■ **EXERCISE**
Under this line is a listing; return exactly the lines starting at the one with "Maglione in lavanda" and running down to the one with "an alphabet with a wreath theme", and leave out its pictures.

■ **SUPPLIED RECORDS**

================================

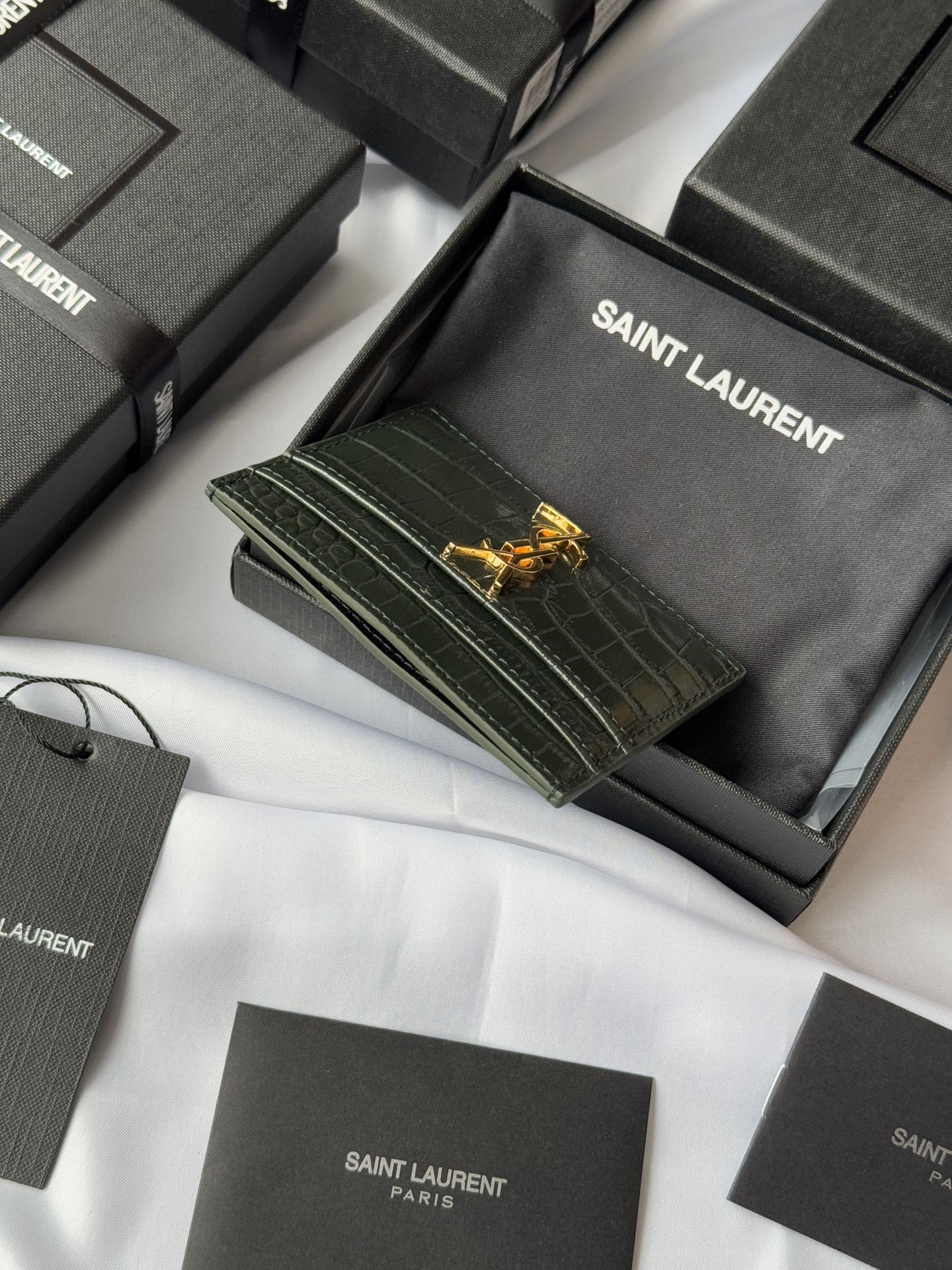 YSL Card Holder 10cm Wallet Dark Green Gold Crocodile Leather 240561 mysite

================================

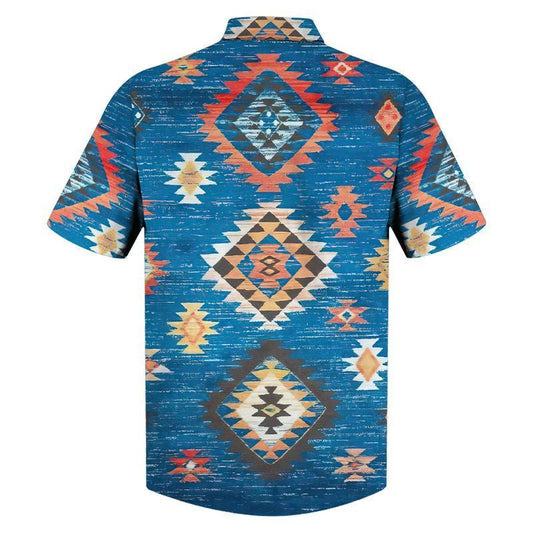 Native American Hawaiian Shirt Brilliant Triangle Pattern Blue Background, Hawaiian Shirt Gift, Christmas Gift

================================

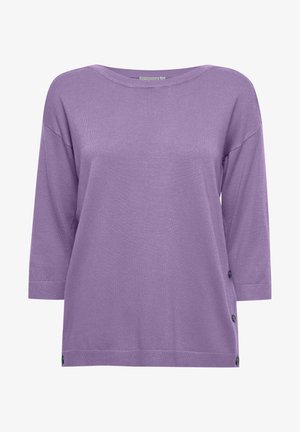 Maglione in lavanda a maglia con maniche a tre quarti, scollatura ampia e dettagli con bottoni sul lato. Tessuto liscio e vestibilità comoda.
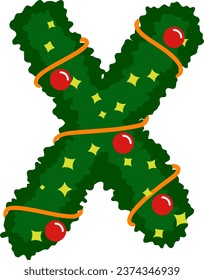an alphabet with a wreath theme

================================

■ **WRITTEN ANSWER**
 Maglione in lavanda a maglia con maniche a tre quarti, scollatura ampia e dettagli con bottoni sul lato. Tessuto liscio e vestibilità comoda.
an alphabet with a wreath theme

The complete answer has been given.